→ What to do
Down to the last line of the listing, starting at the one with "C.P COMPANY（シーピーカンパニー）C.P COMPANY", retype each line exactly. Do not copy the pictures.

'''

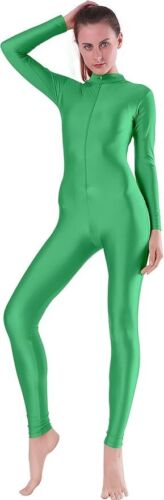 Front Zipper Bodysuit Zentai Suit Catsuit Unisex Fancy Costume Fresh New - Picture 27 of 47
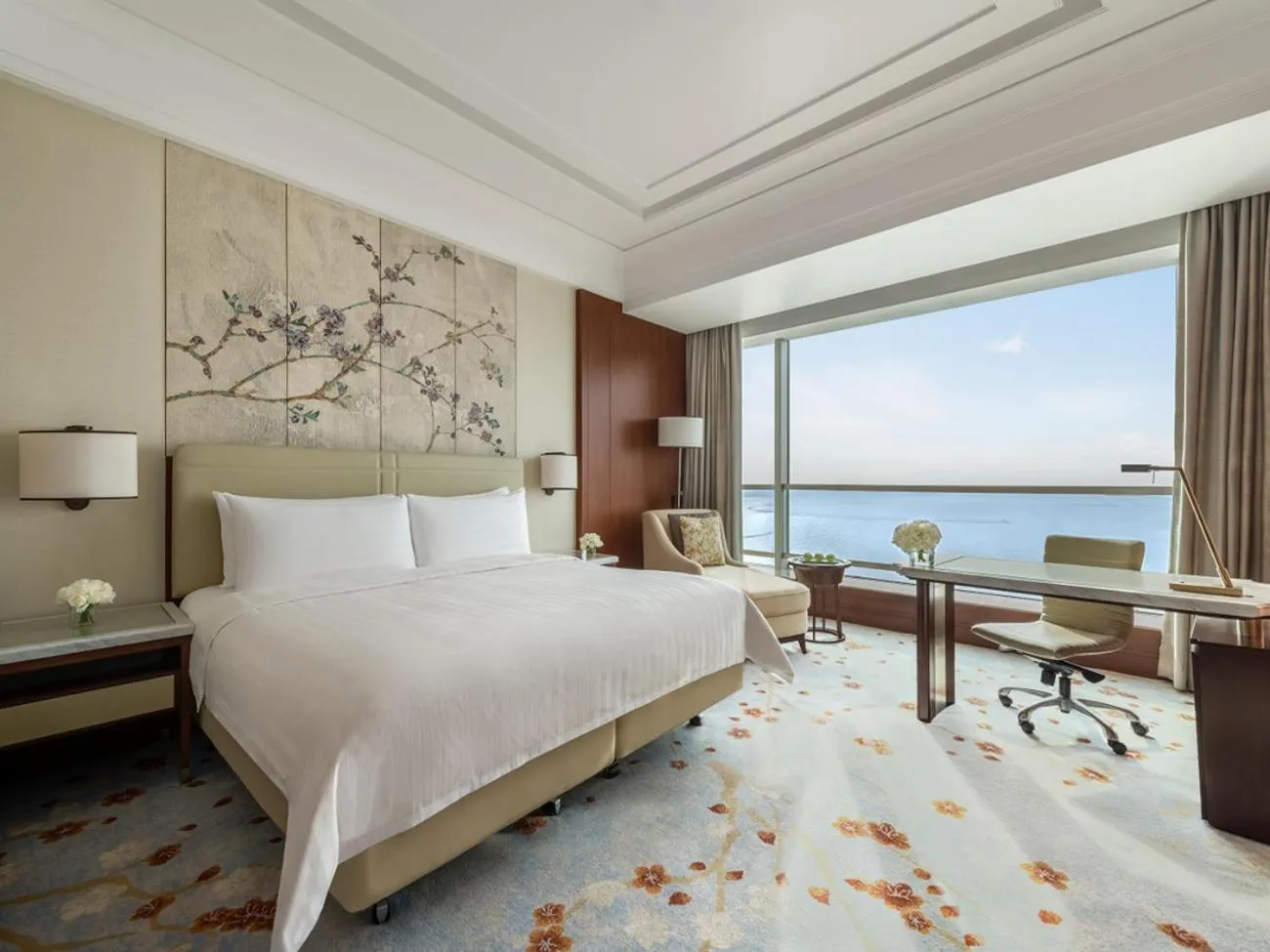 Bedroom, Bed in Shangri-La Qinhuangdao
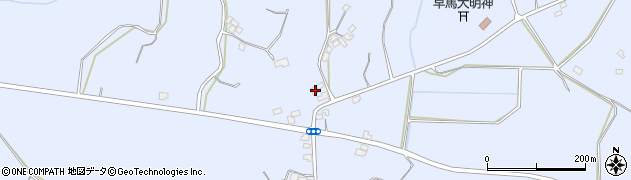 鹿児島県阿久根市脇本3448周辺の地図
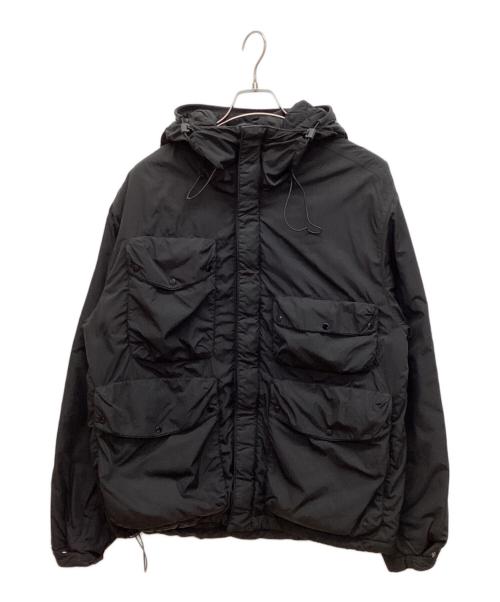 C.P COMPANY（シーピーカンパニー）C.P COMPANY (シーピーカンパニー) MEDIUM JACKET IN CHROME-Rミディアム ジャケット イン クローム アール（or クロム アール）　ゴーグル中綿ジャケット　 ブラック サイズ:Lの古着・服飾アイテム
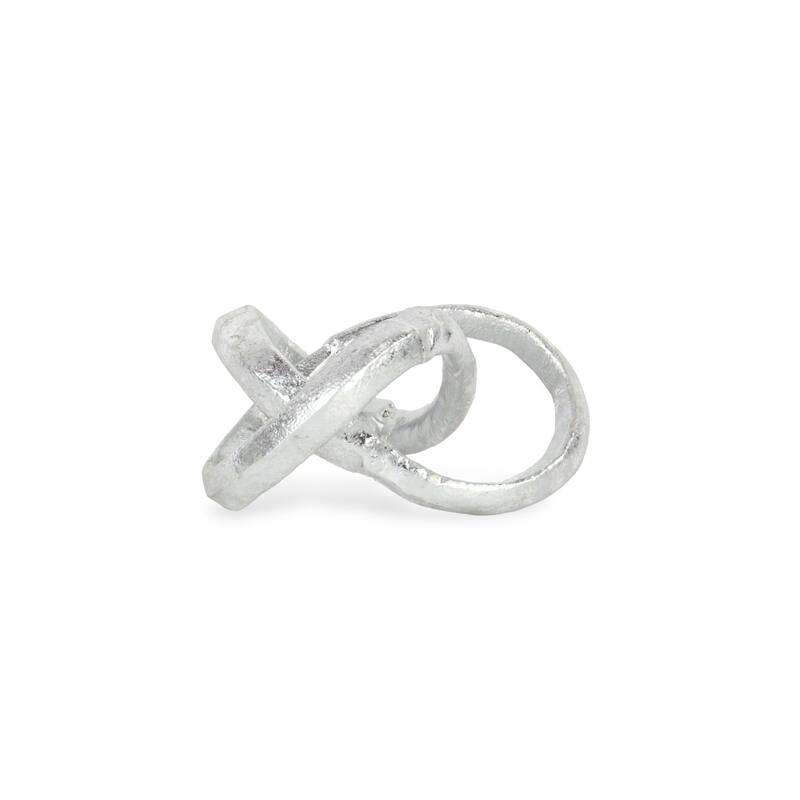 Kompo Black Cast Iron Modern Abstract Infinite Knot Decor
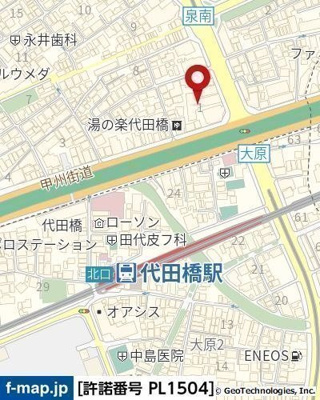 【地図】 | プレールカテリーナ代田橋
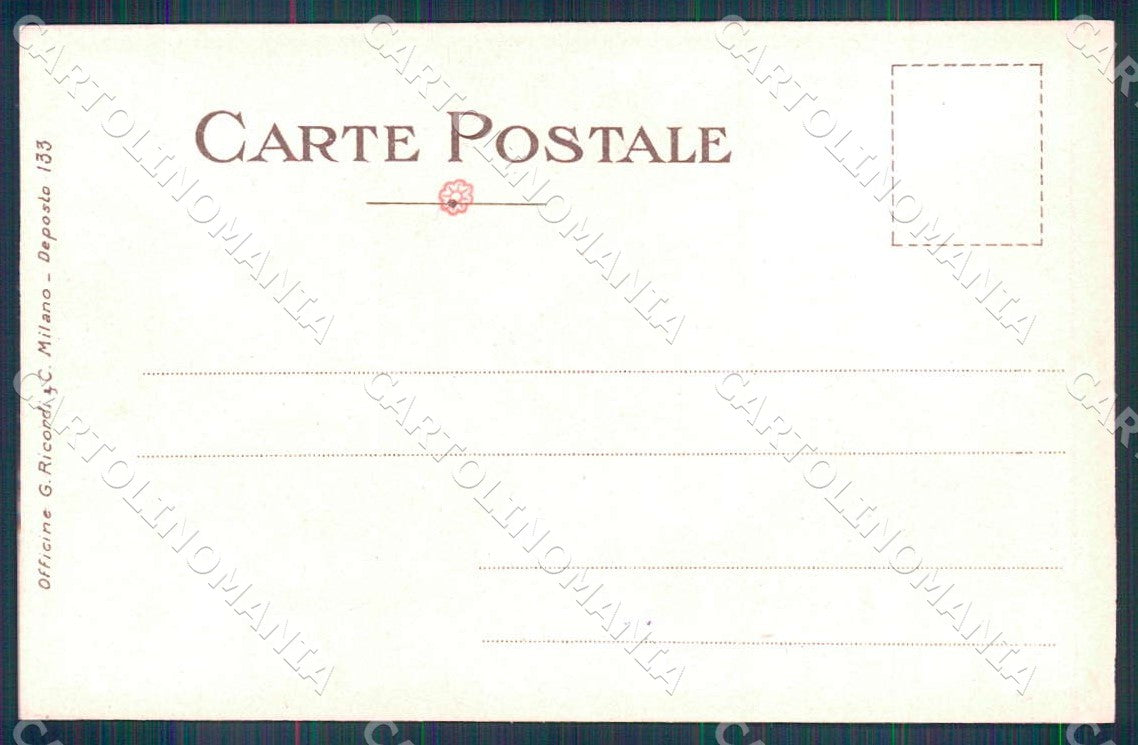 Artist Laskoff F. Horse Racing Lady Art Nouveau Ricordi 133 postcard CT0195 – retro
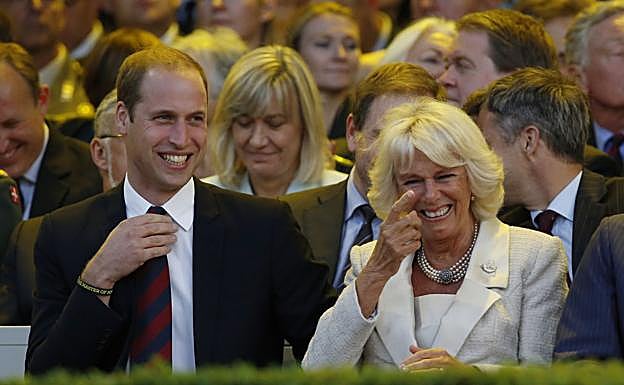 La reina Camilla y el príncipe Guillermo han tenido sus altibajos en el pasado. 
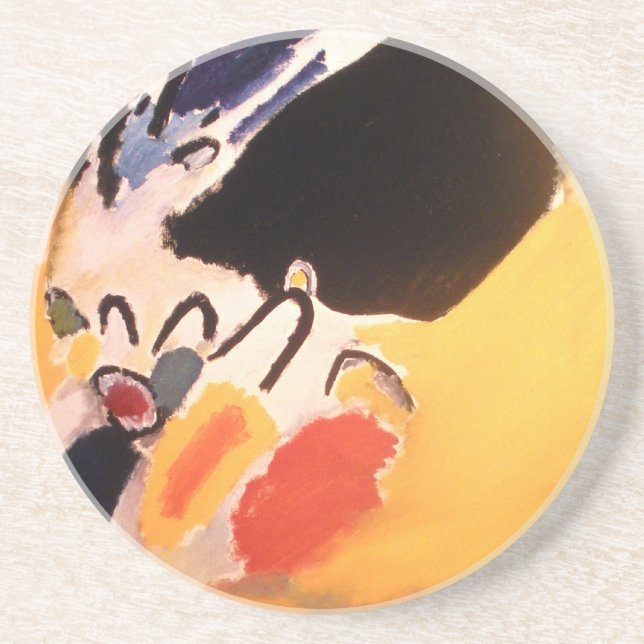 Kandinsky Abstract art Coaster (Front)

'''

→ Solution for this task
 C.P COMPANY（シーピーカンパニー）C.P COMPANY (シーピーカンパニー) MEDIUM JACKET IN CHROME-Rミディアム ジャケット イン クローム アール（or クロム アール）　ゴーグル中綿ジャケット　 ブラック サイズ:Lの古着・服飾アイテム
 Kompo Black Cast Iron Modern Abstract Infinite Knot Decor
 【地図】 | プレールカテリーナ代田橋
 Artist Laskoff F. Horse Racing Lady Art Nouveau Ricordi 133 postcard CT0195 – retro
 La reina Camilla y el príncipe Guillermo han tenido sus altibajos en el pasado. 
 Kandinsky Abstract art Coaster (Front)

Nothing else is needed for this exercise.